Wilde about Olivia

“You’re going to be so sick of me,” warns Olivia Wilde with a knowing smile.

The actress, best known for her role as resident hottie Thirteen on Fox’s “House” medical drama, is making her rounds on the big screen this summer. She plays the leading lady in the sci-fi westerner “Cowboys & Aliens,” which opened last week, followed by another key role in the adult comedy “The Change-Up,” which opens today.

“I feel very lucky to be in two such different movies,” said the 27-year-old with luminous green eyes. “I love that people don’t actually understand how it’s me in both of them. I look so different and act different – that’s obviously the goal of any actor.”

Wilde was last seen on the big screen starring alongside Jeff Bridges in the hit 2010 sci-fi sequel “Tron: Legacy.” She went from making Jon Favreau’s “Cowboys & Aliens,” an effects-laden sci-fi action adventure set in the Old West, to the contemporary suburban comedy “The Change-Up,” directed by veteran comedy helmer David Dobkin.

“I remember walking around this set of cowboys in this western town, holding the script for ‘The Change-Up,’ and laughing,” she recalled. “Everybody told me if a script makes you laugh that hard, you can’t miss the opportunity.”

In the 1875-set “Cowboys & Aliens,” she plays Ella, an elusive traveler who helps Daniel Craig’s gunslinger hero round up an unlikely posse of bitter enemies to fend off an army of mysterious attackers from another world.

Although Wilde had prior experience in the sci-fi genre, having played a lifelike computer program in “Tron: Legacy,” she was less versed in the adult-comedy arena for “The Change-Up.” She said she relished the opportunity to make a raunchy comedy aimed squarely at adults.

“Out of the bunch, I was the least experienced in this type of film,” she admitted, comparing herself with co-stars Ryan Reynolds and Jason Bateman. She credits Dobkin for seeing something in her prior work that made him confident about casting her.

In “The Change-Up,” she plays Sabrina, the sexy co-worker for whom Bateman’s married lawyer, Dave, has the hots. When Dave switches bodies with his best buddy, Mitch, a reckless man-child played by Reynolds, he’s finally free (in Reynolds’ body) to ask Sabrina on a date.

Wilde was confident from watching Dobkin’s other comedies, including 2005’s blockbuster “Wedding Crashers,” that she was in good hands.

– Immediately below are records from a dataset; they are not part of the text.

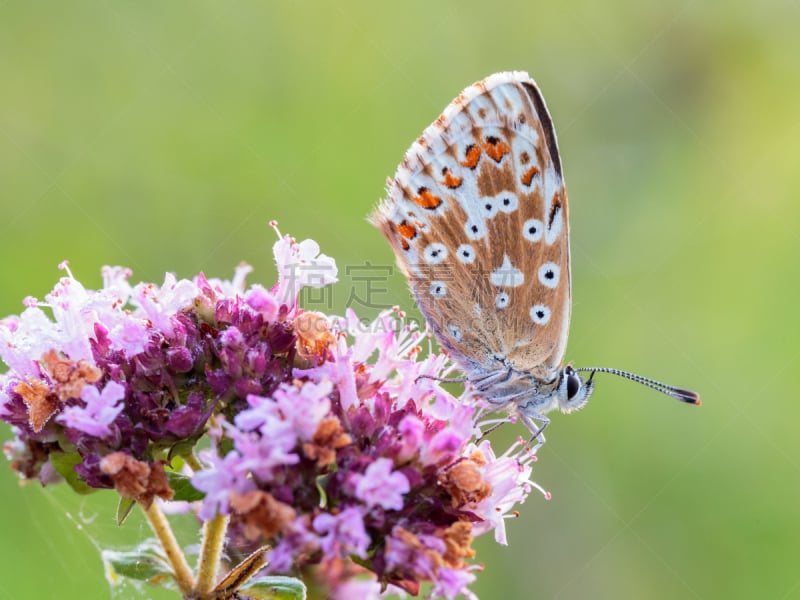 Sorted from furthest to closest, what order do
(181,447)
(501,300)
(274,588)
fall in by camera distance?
(501,300)
(274,588)
(181,447)

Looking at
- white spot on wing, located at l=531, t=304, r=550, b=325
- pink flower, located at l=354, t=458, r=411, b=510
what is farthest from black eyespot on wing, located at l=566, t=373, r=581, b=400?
pink flower, located at l=354, t=458, r=411, b=510

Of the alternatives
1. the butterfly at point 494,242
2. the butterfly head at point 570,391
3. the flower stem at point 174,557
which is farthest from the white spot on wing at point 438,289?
the flower stem at point 174,557

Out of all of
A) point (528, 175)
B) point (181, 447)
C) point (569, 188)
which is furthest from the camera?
point (569, 188)

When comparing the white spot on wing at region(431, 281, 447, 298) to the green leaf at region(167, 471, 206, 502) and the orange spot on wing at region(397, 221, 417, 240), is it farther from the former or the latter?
the green leaf at region(167, 471, 206, 502)

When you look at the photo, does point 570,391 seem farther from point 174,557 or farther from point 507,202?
point 174,557

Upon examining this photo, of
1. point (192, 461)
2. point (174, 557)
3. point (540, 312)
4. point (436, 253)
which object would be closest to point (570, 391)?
point (540, 312)

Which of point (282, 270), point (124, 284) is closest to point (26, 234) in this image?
point (124, 284)

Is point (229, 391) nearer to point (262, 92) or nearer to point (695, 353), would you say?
point (262, 92) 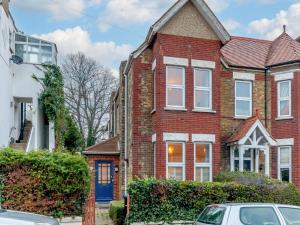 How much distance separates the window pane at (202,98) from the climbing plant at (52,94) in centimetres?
805

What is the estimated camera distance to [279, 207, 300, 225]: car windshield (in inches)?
364

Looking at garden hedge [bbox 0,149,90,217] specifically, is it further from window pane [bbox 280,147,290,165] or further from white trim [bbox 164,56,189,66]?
window pane [bbox 280,147,290,165]

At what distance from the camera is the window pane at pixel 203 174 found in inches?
688

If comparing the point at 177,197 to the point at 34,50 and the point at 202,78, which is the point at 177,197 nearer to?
the point at 202,78

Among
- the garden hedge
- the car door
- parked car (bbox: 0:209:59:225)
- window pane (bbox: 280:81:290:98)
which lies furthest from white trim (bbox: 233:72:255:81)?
parked car (bbox: 0:209:59:225)

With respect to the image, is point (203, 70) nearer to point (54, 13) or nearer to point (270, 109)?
point (270, 109)

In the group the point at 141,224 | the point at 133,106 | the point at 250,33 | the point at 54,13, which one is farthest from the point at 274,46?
the point at 141,224

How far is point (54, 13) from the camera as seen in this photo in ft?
61.4

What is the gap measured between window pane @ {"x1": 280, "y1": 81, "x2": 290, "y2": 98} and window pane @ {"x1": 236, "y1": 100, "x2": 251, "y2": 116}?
1625 mm

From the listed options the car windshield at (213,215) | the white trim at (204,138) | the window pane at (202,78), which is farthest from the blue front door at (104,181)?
the car windshield at (213,215)

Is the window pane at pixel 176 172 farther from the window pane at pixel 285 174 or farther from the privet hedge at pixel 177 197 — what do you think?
the window pane at pixel 285 174

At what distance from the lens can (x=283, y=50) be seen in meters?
20.4

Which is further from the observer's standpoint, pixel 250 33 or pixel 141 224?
pixel 250 33

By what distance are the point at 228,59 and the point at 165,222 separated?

“Seeing what he had done, particularly with Isla [Fisher’s oddball] character in that, I could see he respected and encouraged funny women,” she said.

A writer at heart, Wilde offered Dobkin some ideas to flesh out her character in the movie, and he welcomed them.

“Sabrina already was someone I really wanted to play – she was smart and interesting,” said the actress, “but she wasn’t necessarily as wild as she ended up being. We all worked together to make the [early] scenes at the office a little more of a misdirect for what happens later.”

The actress had others ideas. For example, she persuaded Dobkin not to make Sabrina Dave’s secretary but instead a fellow lawyer at the firm. Also, she conceived the idea about Sabrina and Dave (in Mitch’s body) getting tattoos on their adventurous date.